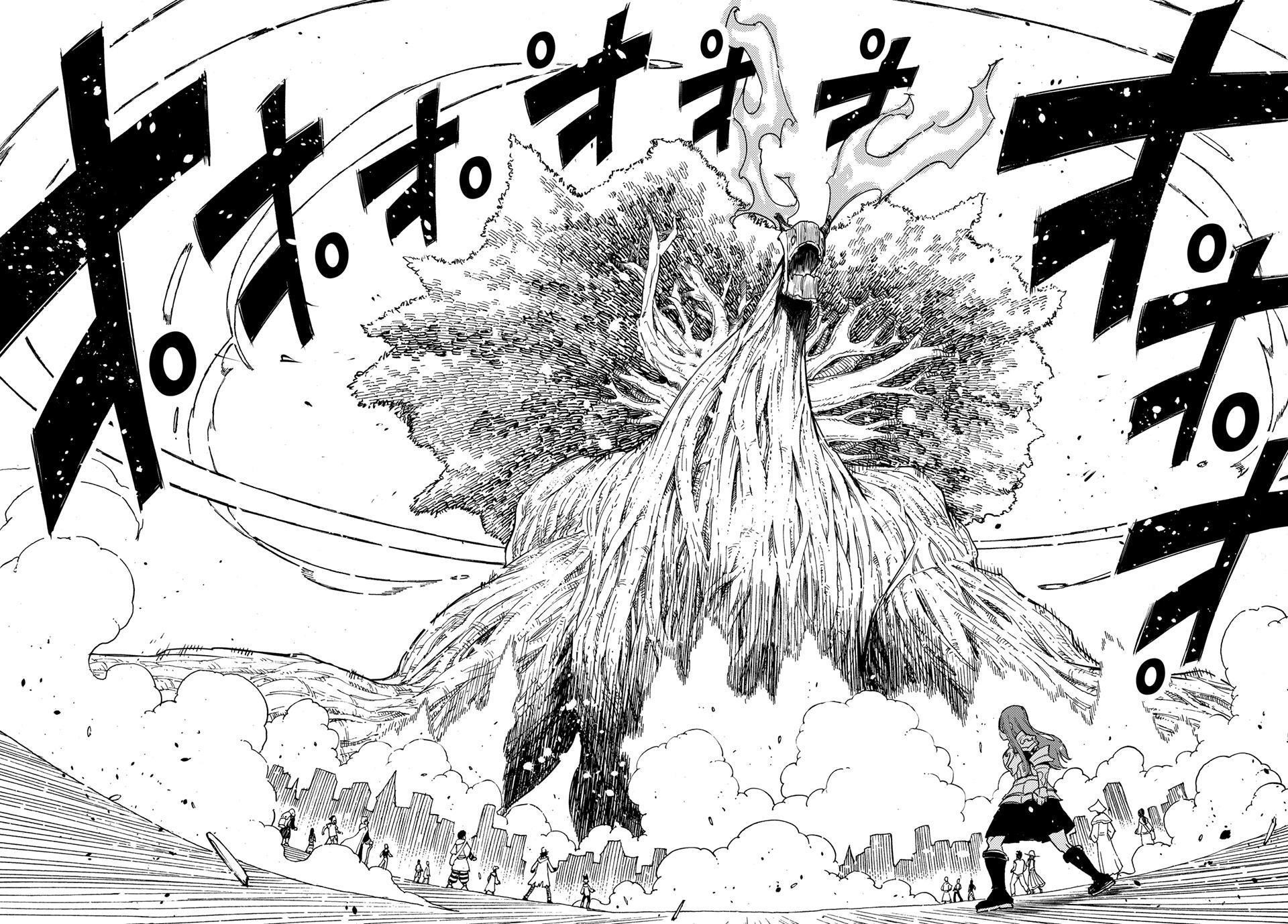 FAIRY TAIL 100 YEARS QUEST Chapter 174 - Page 7 in English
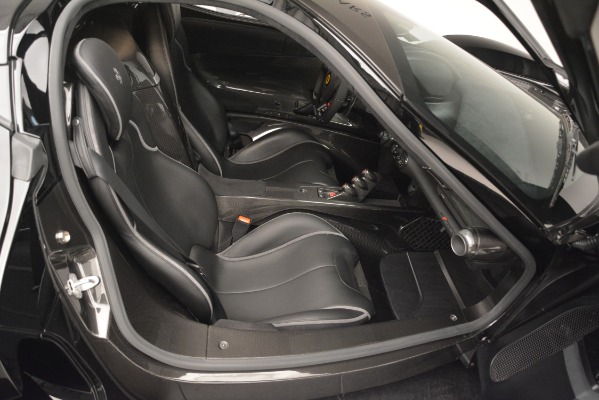 Used 2014 Ferrari LaFerrari for sale Call for price at Bentley Greenwich in Greenwich CT 06830 22
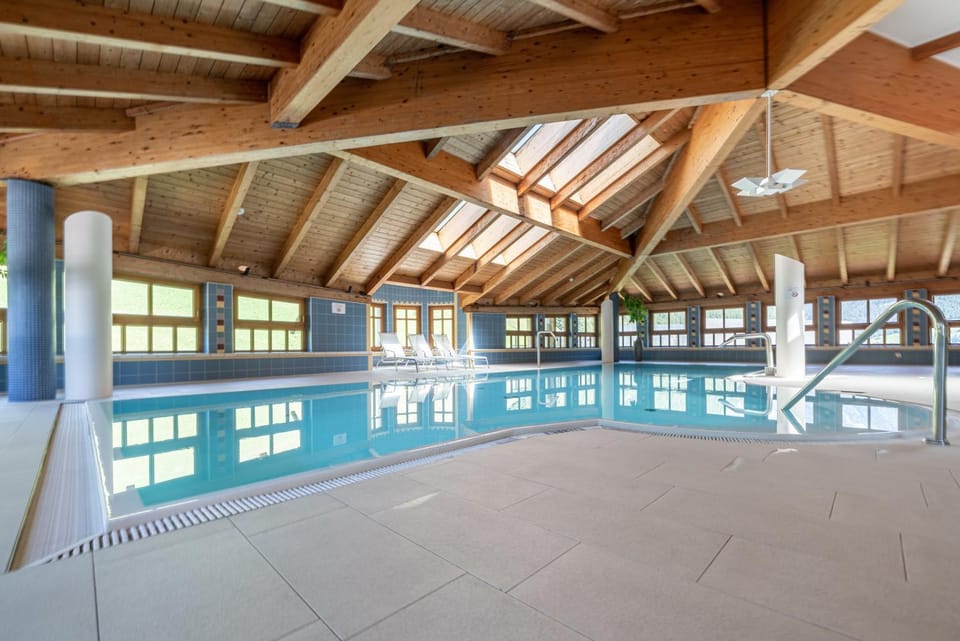 Spa and wellness centre/facilities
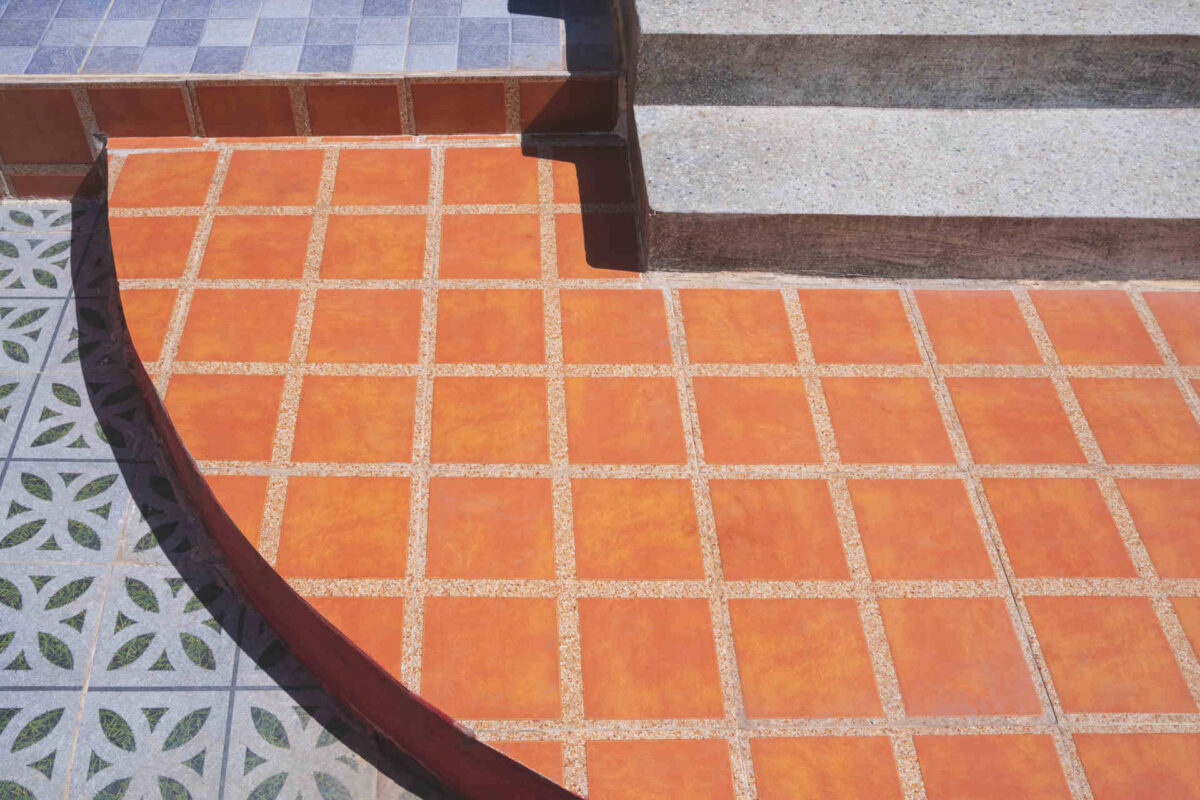 Come pulire il cotto con prodotti naturali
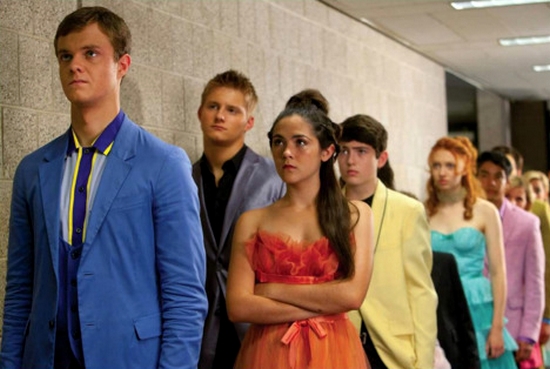 Poze Isabelle Fuhrman în  The Hunger Games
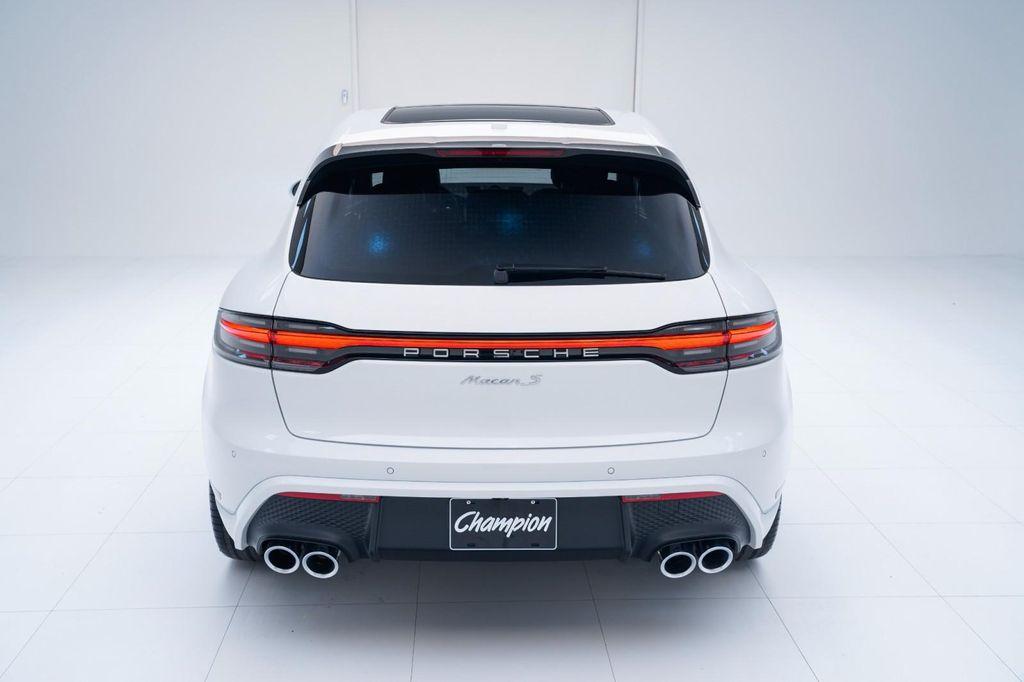 new 2026 Porsche Macan car, priced at $104,850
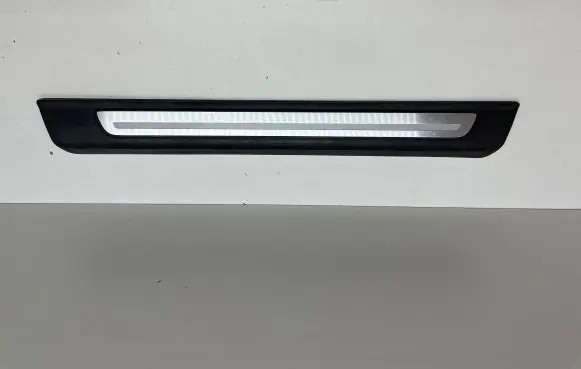 Audi Q7 4M Front sill trim cover 4M0853374A 4M0853374B 4M0853374C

....

» What the task requires
Your task is to retype exactly the lines that run from the line with "Poze Isabelle Fuhrman" through the last line of the material, with the pictures left out.

» The completed task
 Poze Isabelle Fuhrman în  The Hunger Games
 new 2026 Porsche Macan car, priced at $104,850
 Audi Q7 4M Front sill trim cover 4M0853374A 4M0853374B 4M0853374C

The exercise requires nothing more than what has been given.